En novembre 2003, le peuple géorgien se soulevait pour renverser Edouard Chevardnadze, persuadé que le père de la Géorgie post-sovétique avait truqué les élections. Les héros de la « révolution des roses » s’intéressaient moins aux équipes qui s’installaient au pouvoir qu’à fêter la « démocratie » tant attendue.

Quatre ans plus tard, les hommes liges de Washington contrôlent tous les rouages de l’État et ont imposé une dictature sans rapport avec le gouvernement personnel de Chevardnadze.
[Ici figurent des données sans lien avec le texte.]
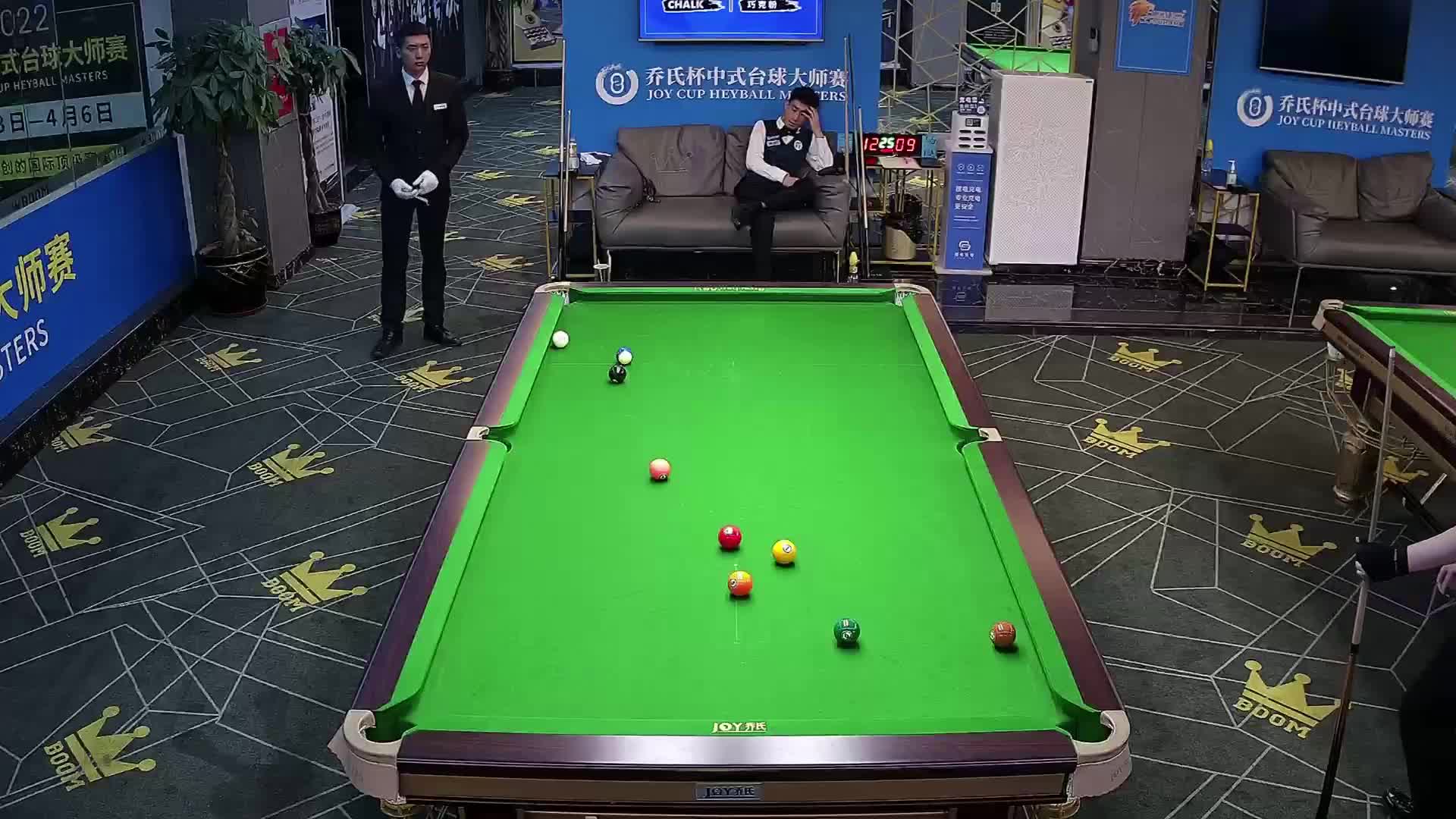 梦之队老将王鹏准度在线 决胜局献精准翻袋 | 乔氏大师赛海口站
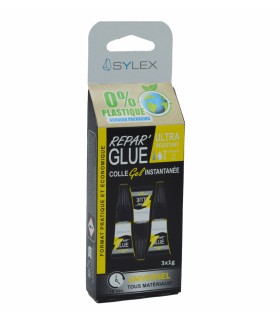 Colle Répar'Glue gel 3x1g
Les prisons sont pleines et les responsables qui s’opposent à cette dérive sont prestement écartés.

Ainsi, Irakli Okrouachvili, le ministre de la Défense, a fait défection en novembre 2006. Après être de venu le chou-chou des sondages et avoir créé son propre parti, il est sorti de sa réserve le mois dernier pour dénoncer les crimes du gouvernement de Mikheil Saakachvili et des sbires de la CIA. Il a notamment révélé que le président Saakachvili avait ordonné de faire assassiner l’homme d’affaires et président du comité olympique géorgien Badri Patarkatsichvili et que des plans étaient prêts pour lancer des commandos à l’assaut de la capitale d’Ossetie du Sud.

Surtout, il a indiqué que, le 3 février 2005, l’ancien Premier ministre Zourab Jvania et le vice-gouverneur Raoul Youssoupov, qui avant lui s’opposaient déjà à la dérive du régime, n’étaient pas morts asphyxiés à leur domicile par une chaudière défectueuse, mais que leurs corps avaient été apportés dans l’appartement après leur mort. La version de l’accident avait pourtant été authentifiée par des agents du FBI états-unien venus enquêter sur place à la demande du président Saakachvili.

Les accusations d’Irakli Okrouachvili pourraient être examinées par l’Assemblée parlementaire du Conseil de l’Europe lors de sa prochaine session.

La réaction ne s’est pas faite attendre : jeudi, 27 septembre, M. Okrouachvili a été inculpé d’abus de pouvoir à l’époque où il était ministre et arrêté. Son domicile et celui de ses parents ont été perquisitionnés. Le matériel informatique et des documents personnels ont été saisis sans dresser d’inventaire. Les locaux de son parti ont été saccagés par la police.

10. 000 personnes ont manifesté vendredi soir à Tbilissi pour réclamer la libération de M. Okrouachvili et le départ du président Saakachvili. Un message de l’ancien ministre de la défense, écrit en prison, a été lu. Il y appelle les Géorgiens à « poursuivre la lutte pour instaurer la légalité ». Craignant d’être renversé, le président Saakachvili est rentré précipitamment samedi de New York, où il participait à l’Assemblée générale de l’ONU. L’opposition a annoncé qu’elle allait constituer une sorte de gouvernement provisoire.

Silence dans les médias occidentaux : depuis que la Géorgie a basculé dans le camp atlantique, aucune critique ne doit être émise contre Mikheil Saakachvili, grand ami du président Bush.